Classical acupuncture is very effective for any type of chronic issues,
ranging from imbalances evolving since childhood, emotional
imbalances, to acute pain conditions. TCM practitioners focus on 12
pathways, presenting a limited approach.
In addition to this difference, Classical Acupuncture takes into
consideration all the works written and orally transpired throughout
the history of Chinese Medicine. Throughout thousands of years,
there have been many schools of thought, many Masters. These
varying philosophies reflect the depth of information and wisdom,
knowledge passed down and changing through various times and
history in the Chinese Culture. All of these schools of thought have
their value in treating patients today. In a world where disease is
complicated by a myriad of influences, environmental and lifestyle,
the more solutions we have for a problem, the more accessible a
solution and sustaining a solution will be.
Classical Chinese Medicine doesn’t through the baby out with the
bathwater.

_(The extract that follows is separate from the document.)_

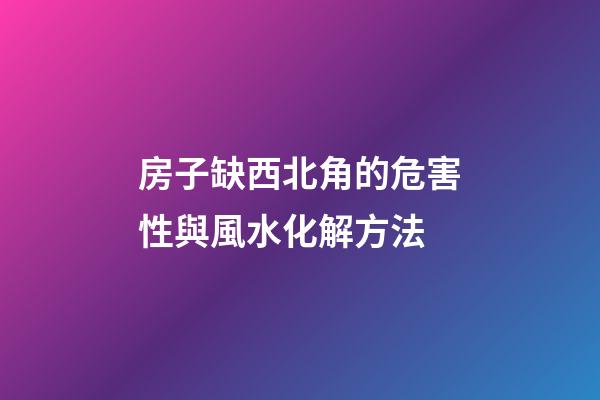 房子缺西北角的危害性與風水化解方法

It respects and utilizes all the information passed down
thru the ages as equipment, a veritable world of possibilities for the
treatment and understanding of disease progression. The depth and
value of this tradition is essential for the treatment of illness today.
It brings a wide range of possibilities to the treatment of such
conditions as cancer and AIDS and enhances our understanding of
the evolution of disease from the internalization of External
Pathogenic Factors, such as a cold and how it can be suppressed in
our system to become more serious conditions such as fibromyalgia,
chronic fatigue, arthritis etc.
Classical Acupuncture works with building health, not just
alleviating signs and symptoms. It is a precise system of
understanding the evolution and treatment of illness, based on
extensive and comprehensive theory and a unique consideration of
lifestyle and awareness as the fountains of longevity.
It is throught the cultivation and practice of the Master, Jeffrey Yuen,that Classical Acupuncture is shared and experienced in the worldtoday.